Contributor: Sabah Hassan, 74
Place: Battir – Bethlehem
Personal Background:
Housewife, peasant

Recipe’s Personal Background How did you learn this recipe? I learned it from my family.
Is there some memory/historical event connected to this recipe? It is eaten during the wintertime.
Personal reference to tradition transmitted by relatives (preparing together, sharing, eating together etc.)? No
Mediterranean Background Any tradition this receipe is connected to? If yes, which one? Can you describe it? It is one of the vastly cooked dishes during the fasting time of Easter.
Any Festivity this recipe is connected to? If yes, which one? Can you describe it? No
Is your recipe connected to the territory you live in? Is it strictly linked to the specificity of the agricultural environment?
No
Season (season this food is linked to) It can be cooked all year round, but it is more common during winter time.
Ingredient Nutritional Importance Health Benefits
Red lentils 1 cup of cooked lentils provides:
• 520 calories.
• 80 g carbohydrate
• 20 g dietary fiber
• 0.67 g total fat
• 0.1 g saturated fat
• 0 mg Cholesterol
• 40 g protein
Lentils are a very good source of cholesterol-lowering fiber. Lentils also have benefit in managing blood-sugar disorders since their high fiber content prevents blood sugar levels from rising rapidly after a meal. Lentils also provide good to excellent amounts of seven important minerals.
Olive oil 100 grams of olive oil provide:
• 884 calories.
• 0 g carbohydrates
• 0 g dietary fiber
• 216 g total fat
• 30 g saturated fat
• 0 mg cholesterol
• 0 g protein
Olive oil carries large amounts of plant-derived anti-oxidants, phyto-sterols, and vitamins. Studies suggest that olive oil diet reduces the risk of type 2 diabetes, and might help prevent stroke. Olive oil helps improve the artrial function of elderly individuals thus keeping the heart young. Studies also suggest that the high content of Vitamin K in olive oil helps fight osteoporosis and protects against neuronal damage in the brain. Olive oil also protects against depression. The high content of Vitamin E protects against harmful oxygen free radicals.
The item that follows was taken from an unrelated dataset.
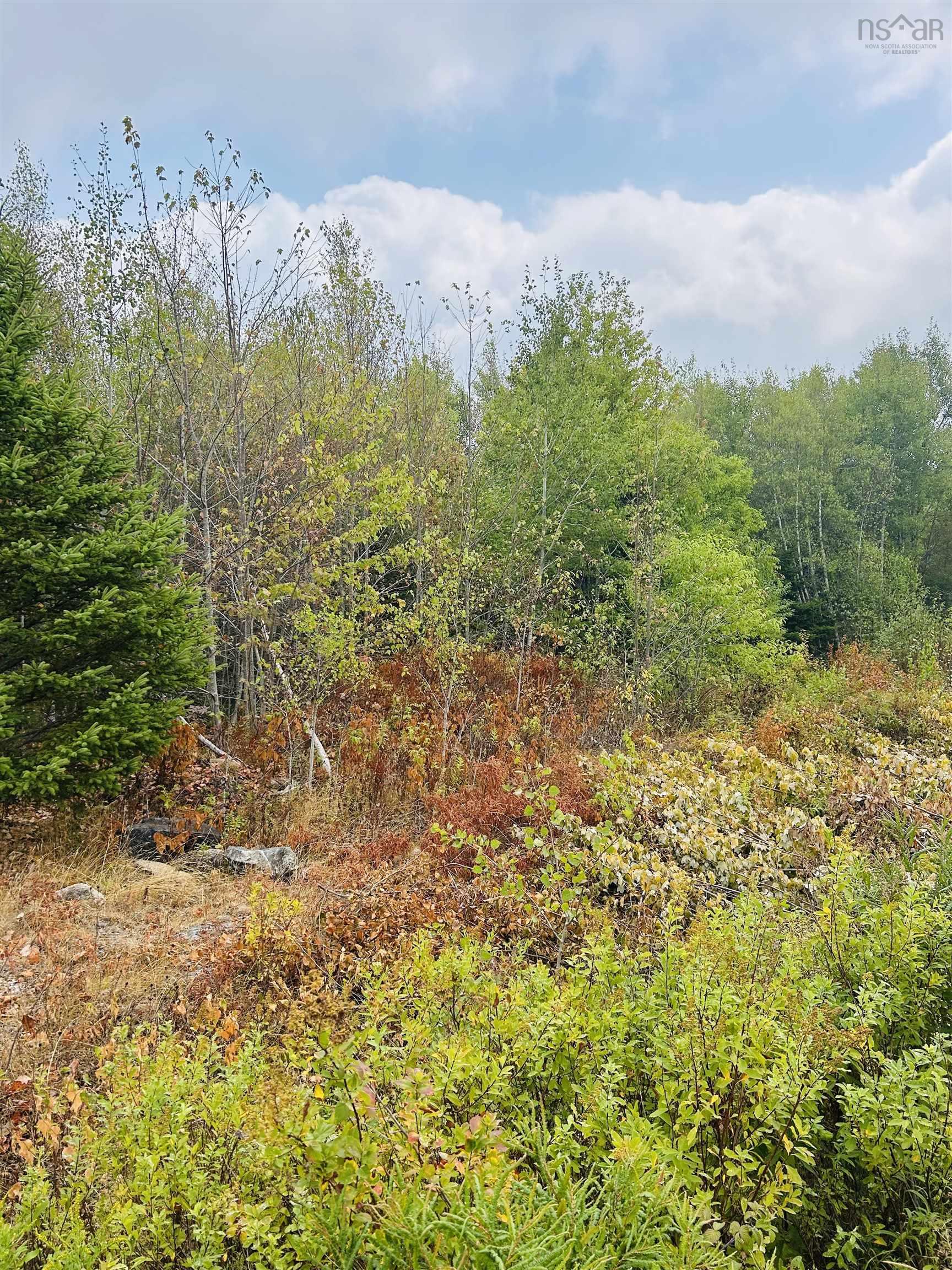 $35,000.00: Lot Alpena Road, East Inglisville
Onion Good source of fibre, vitamin C, vitamin B6, folate, potassium and manganese. It shows anti-inflammatory and anti-oxidant properties. The combination of these properties can prevent some cardiovascular diseases and cancers.
Garlic Great source of vitamin C, vitamin B6 and manganese.It also contains considerable levels of minerals such as calcium, phosphorus and selenium. Its properties are enhanced if eaten raw.
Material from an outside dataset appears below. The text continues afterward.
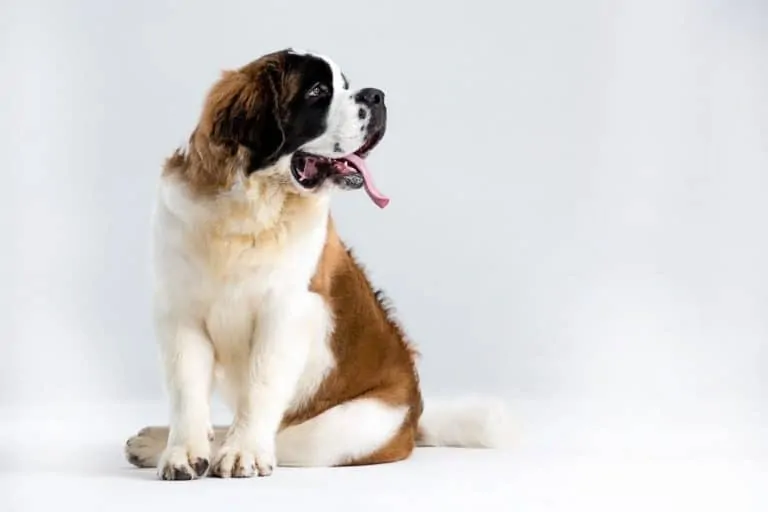 Saint Bernard - Most beautiful dog breeds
Evidence suggests that the ingestion of garlic reduces the risk of cancer, specifically prostate, oesophagus, colorectal and ovaries. It shows antibacterial and antiviral
properties, yet revealing interesting moderate effects in the reduction of blood pressure, cholesterol and triglycerides.
Additional information
Is it suggested to eat this meal if you suffer from some disease? If yes, for which one? It deals with diabetes type II and also, it is beneficial for those who suffer from cardiovascular problems.
What is the primary base with which your food is prepared? Is this a derivative of oil or another base?
What nutrition related illnesses or deficiencies are common in your area? Are there holistic or nutrition based remedies connected to these aliments? • Lentils, that derive from legumes.
• Olive oil, which is a good source of polyunsaturated fatty acids.
• Garlic and onions, which are vegetables and members of the allium family.